━━━━━ Information provided ━━━━━

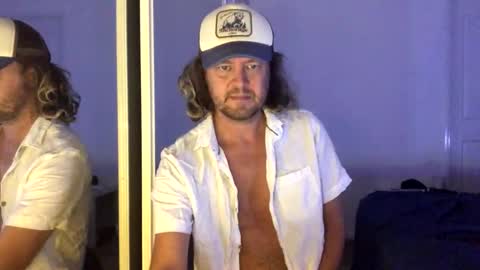 gcsurfer81 online show from 03-16-26, 08:29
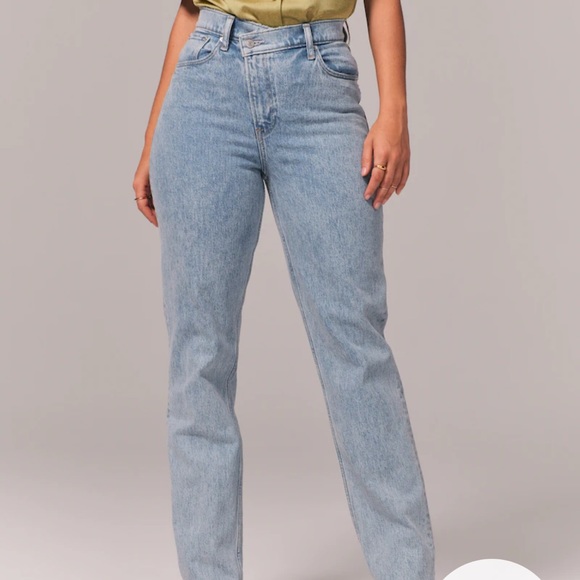 Abercrombie & Fitch Curve Love Ultra High Rise 90s Straight Jean - Picture 4 of 7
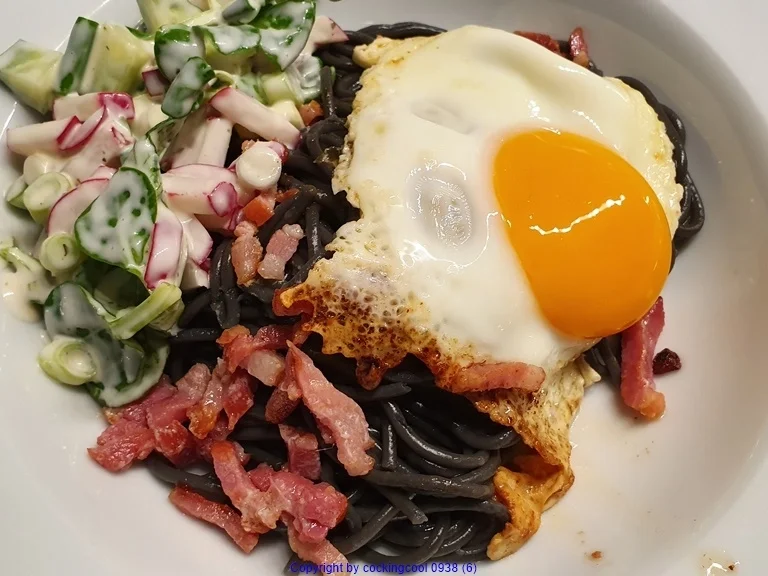 Spiegelei; Pasta; Salat - Rezept - Bild Nr. 10417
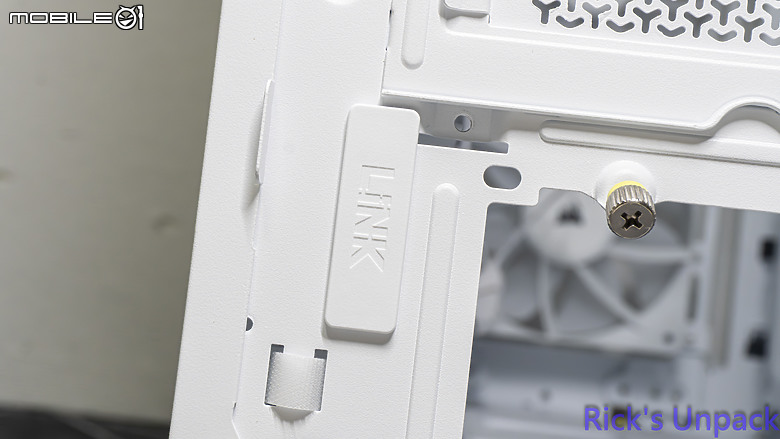 【開箱】終極機殼改裝 | FRAME 4000D LCD RS ARGB WHITE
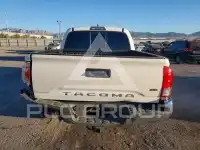 2017 Toyota TACOMA photo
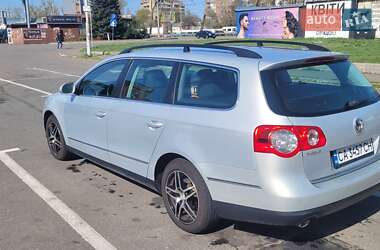 Универсал Volkswagen Passat 2010 в Киеве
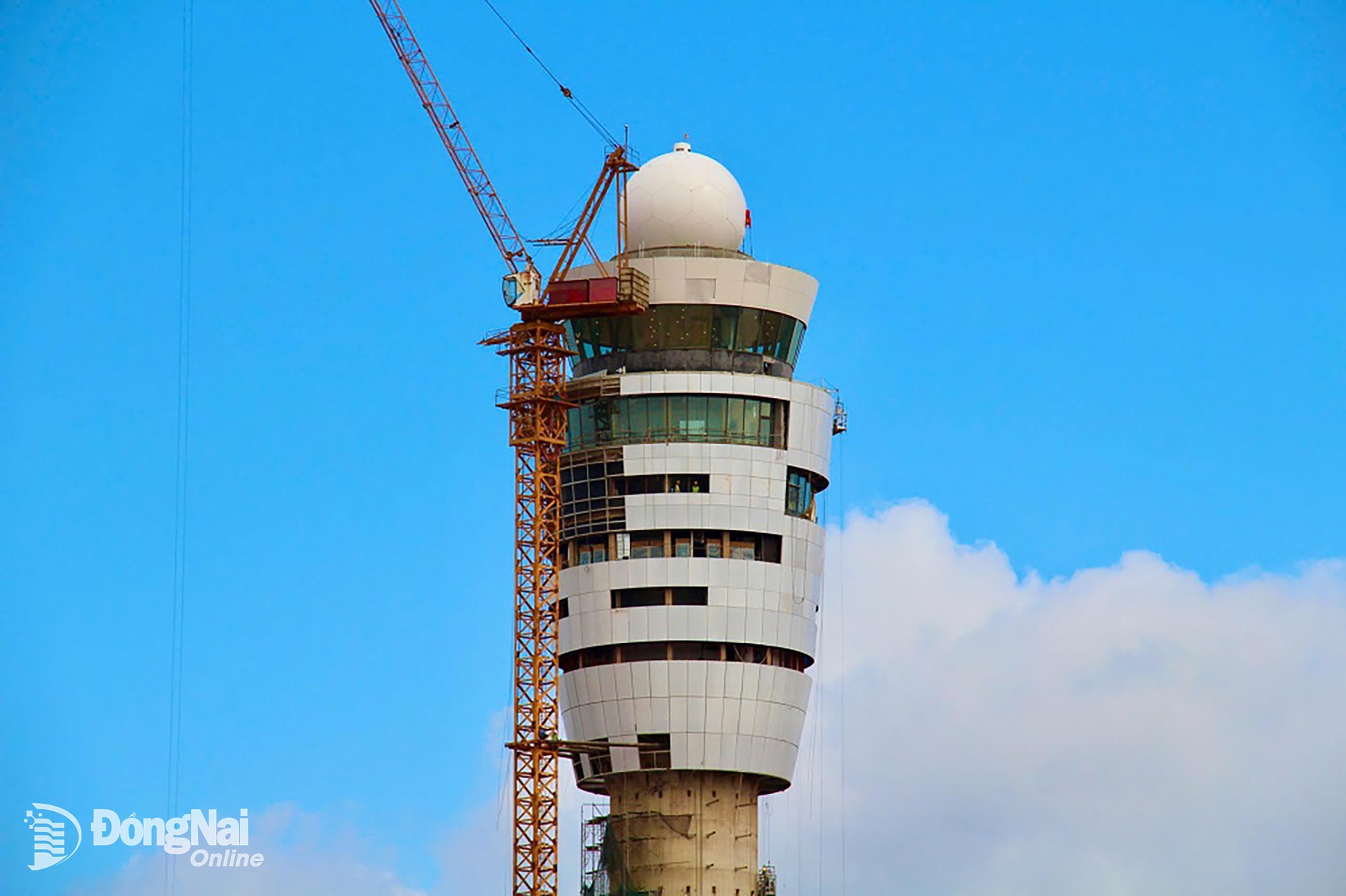 O motivo estilizado do botão de lótus é o principal conceito de design para a torre de controle de tráfego aéreo do Aeroporto de Long Thanh. É aqui que o controle de tráfego aéreo será realizado quando o Aeroporto de Long Thanh entrar em operação. Foto: Pham Tung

━━━━━

*To do*. Copy the lines exactly. Start at the line with "2017 Toyota TACOMA photo", end at the last line above, include both, and omit all pictures.

*Expected output*.
 2017 Toyota TACOMA photo
 Универсал Volkswagen Passat 2010 в Киеве
 O motivo estilizado do botão de lótus é o principal conceito de design para a torre de controle de tráfego aéreo do Aeroporto de Long Thanh. É aqui que o controle de tráfego aéreo será realizado quando o Aeroporto de Long Thanh entrar em operação. Foto: Pham Tung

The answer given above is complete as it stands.